Please copy only the material from the line that has "Commerce 12 Pièces" to the very last line, both ends included, exactly as written and without pictures.

Source material:
+===+
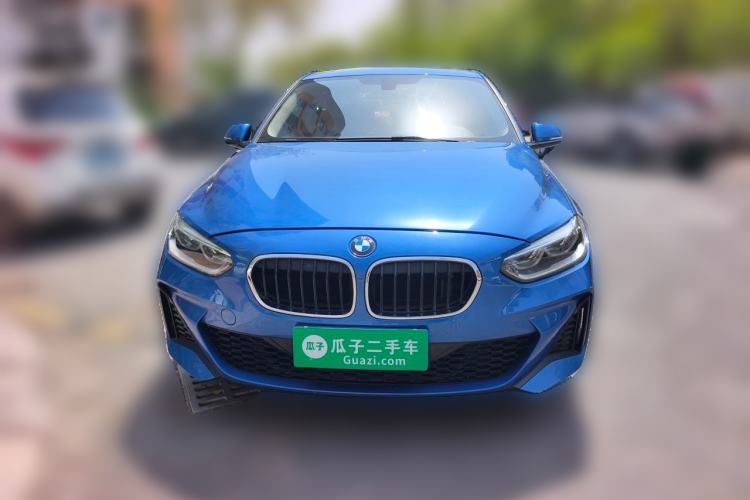 Used BMW 1 Series 2020 120i M Sport Package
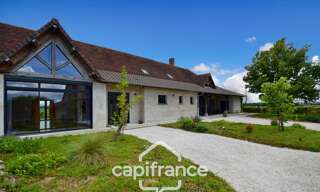Commerce 12 Pièces 470 m² à vendre à Montpont-en-Bresse (71470)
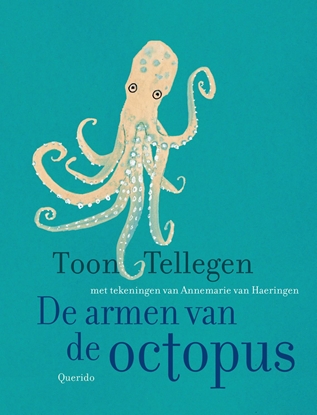 Afbeeldingen van De armen van de octopus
+===+
Result of this task:
Commerce 12 Pièces 470 m² à vendre à Montpont-en-Bresse (71470)
 Afbeeldingen van De armen van de octopus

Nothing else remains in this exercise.